*** Task material ***

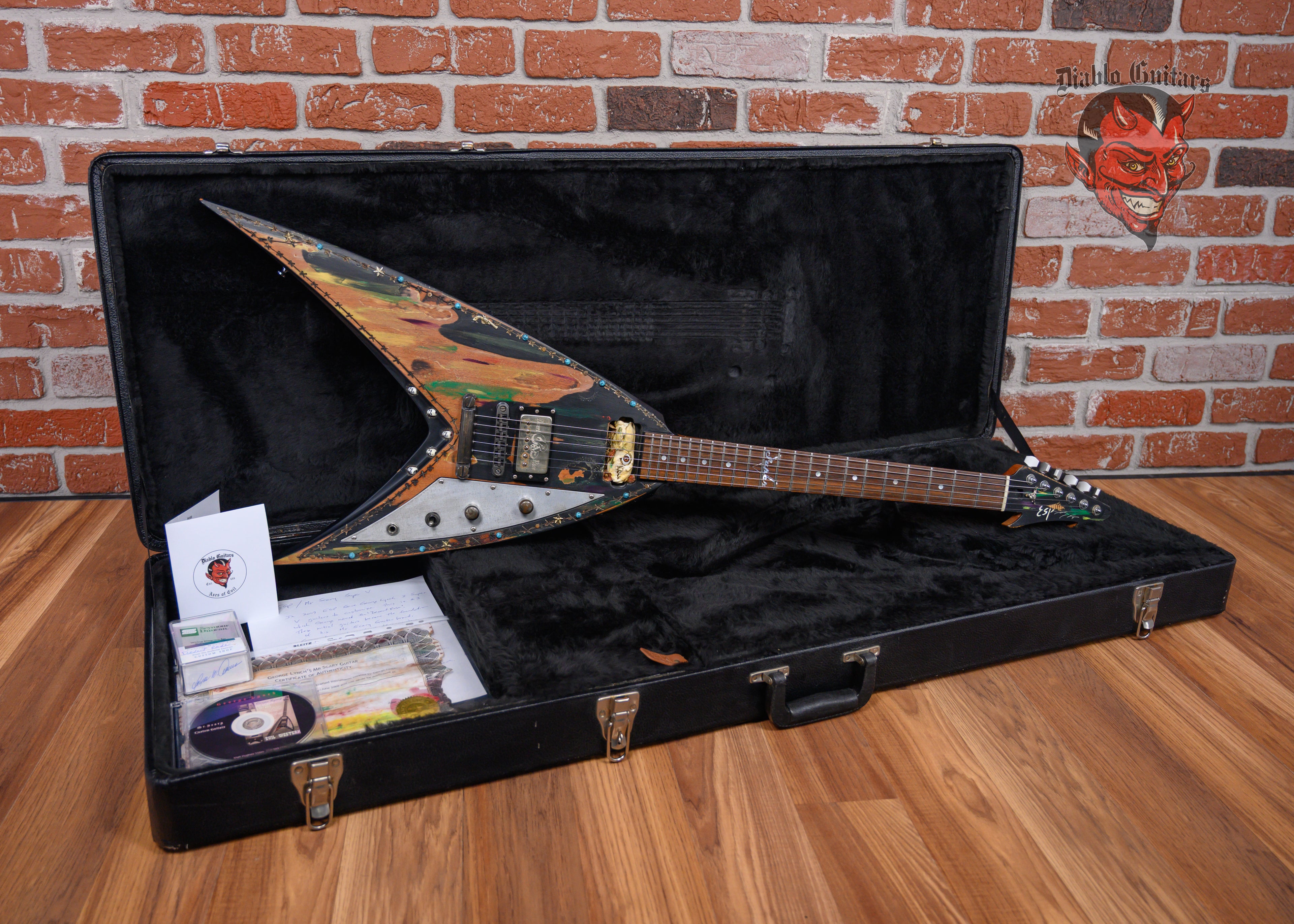 洋楽 Hoax/ ego eater ESP George Lynch Super V Mr. Scary Guitars 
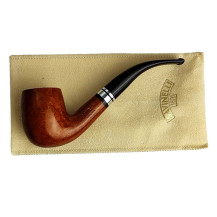 Pfeife SAVINELLI MINERVA LISCIA NAT 9MM 606 mit Pfeifenbeutel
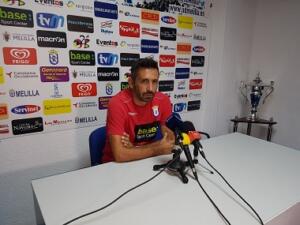 Manolo Herrero, entrenador de la U.D. Melilla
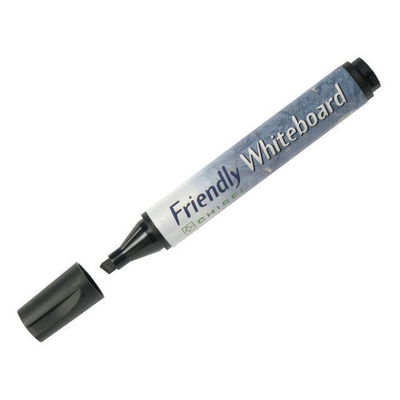 Whiteboardpenna Friendly Snedskuren Svart 2-5mm, 10 st/fp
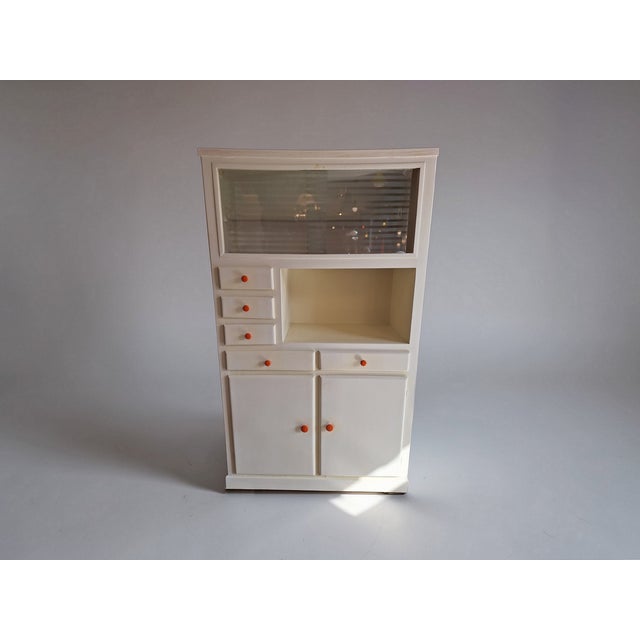 Vintage kitchen cabinet made in Italy between the 1940s and 1950s. Typical of that era in any kitchen, the cabinet has...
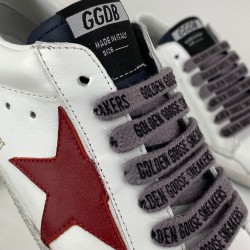 GOLDEN GOOSE SUPER-STAR BEYAZ-LACİVERT/RED STAR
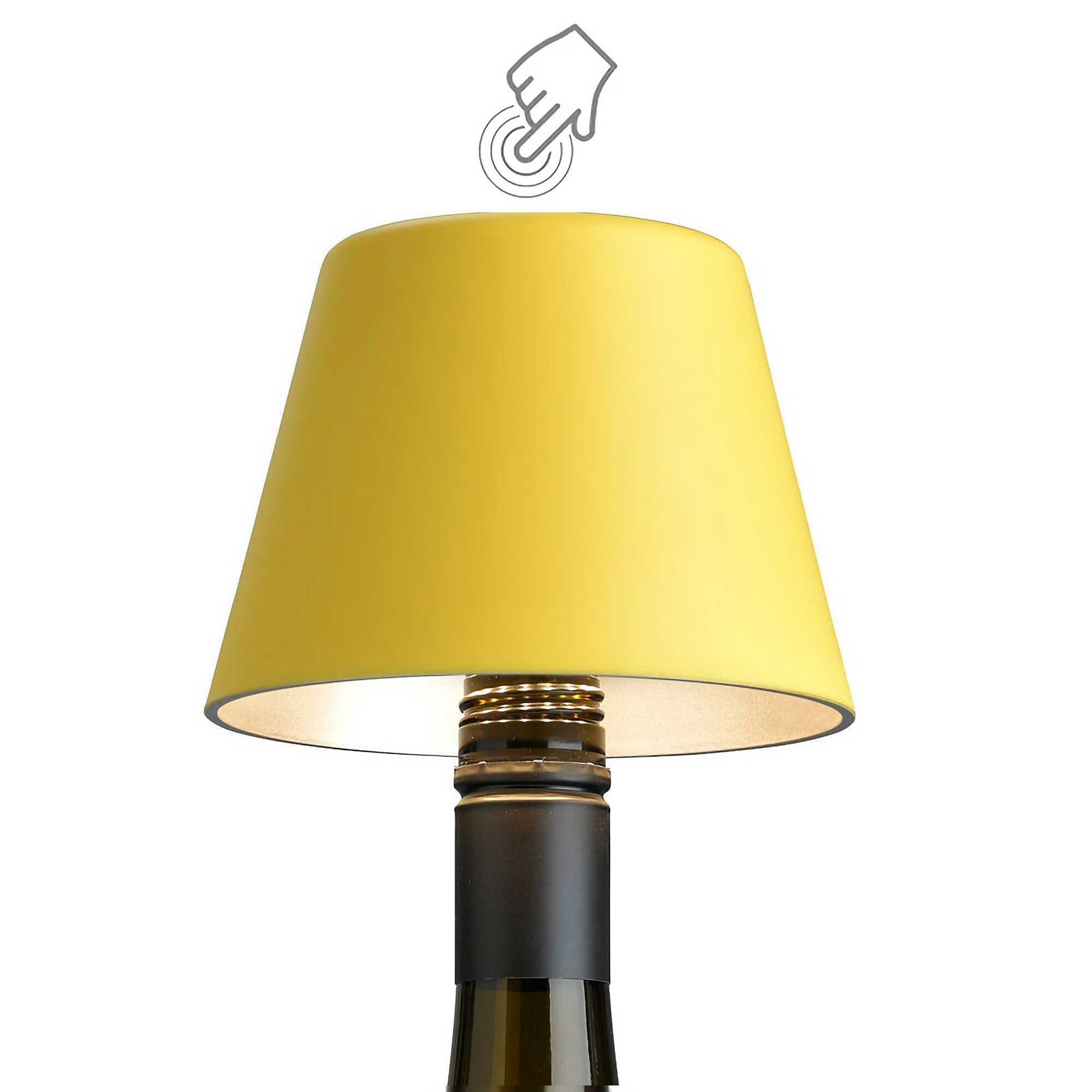 Sompex Top 2.0 rechargeable bottle light, yellow
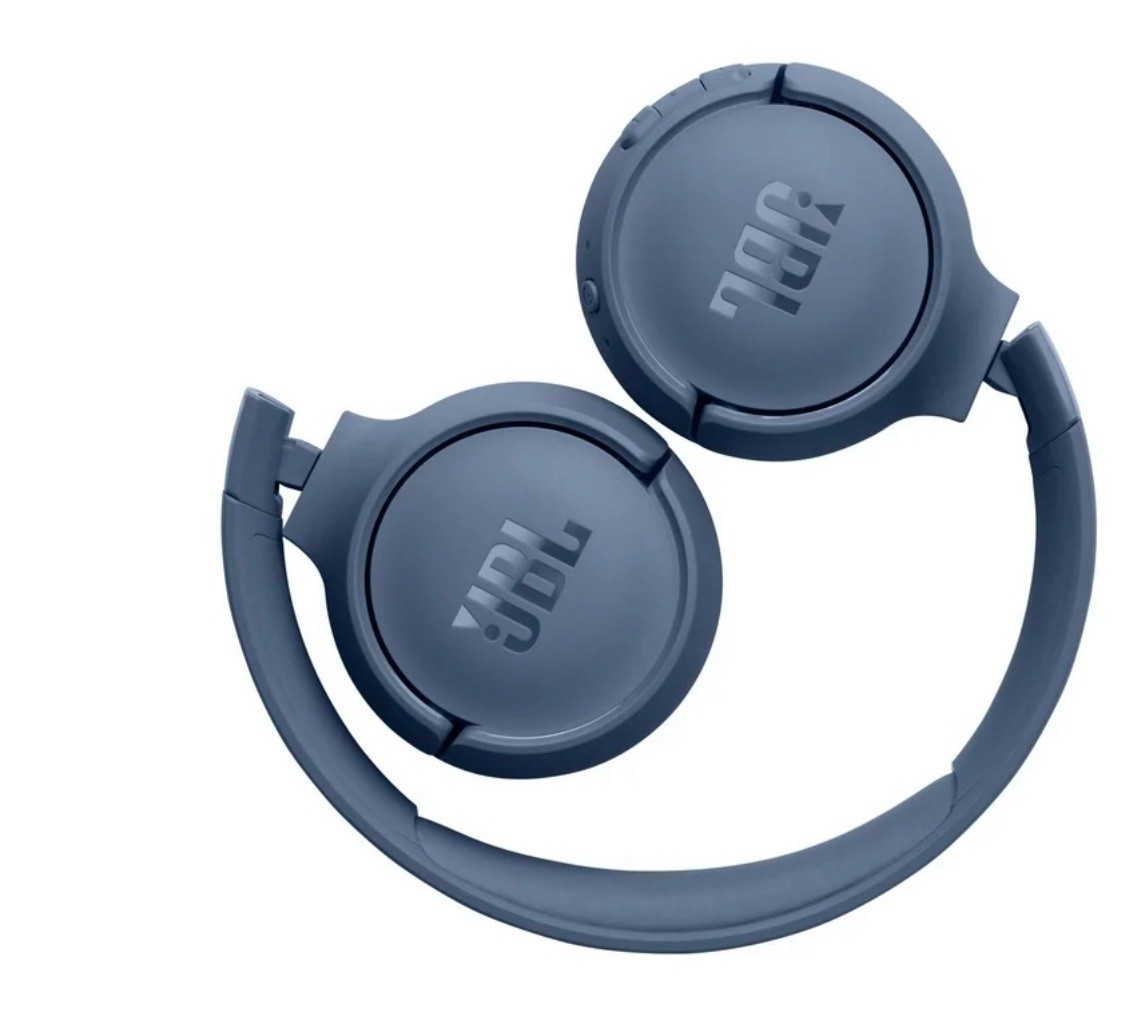 JBL Tune 520BT Wireless Bluetooth On-Ear Headphones Built-In Microphone-blue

*** End of Task material ***

Output each record above exactly as written. Skip any pictures.

 洋楽 Hoax/ ego eater ESP George Lynch Super V Mr. Scary Guitars 
 Pfeife SAVINELLI MINERVA LISCIA NAT 9MM 606 mit Pfeifenbeutel
 Manolo Herrero, entrenador de la U.D. Melilla
 Whiteboardpenna Friendly Snedskuren Svart 2-5mm, 10 st/fp
 Vintage kitchen cabinet made in Italy between the 1940s and 1950s. Typical of that era in any kitchen, the cabinet has...
 GOLDEN GOOSE SUPER-STAR BEYAZ-LACİVERT/RED STAR
 Sompex Top 2.0 rechargeable bottle light, yellow
 JBL Tune 520BT Wireless Bluetooth On-Ear Headphones Built-In Microphone-blue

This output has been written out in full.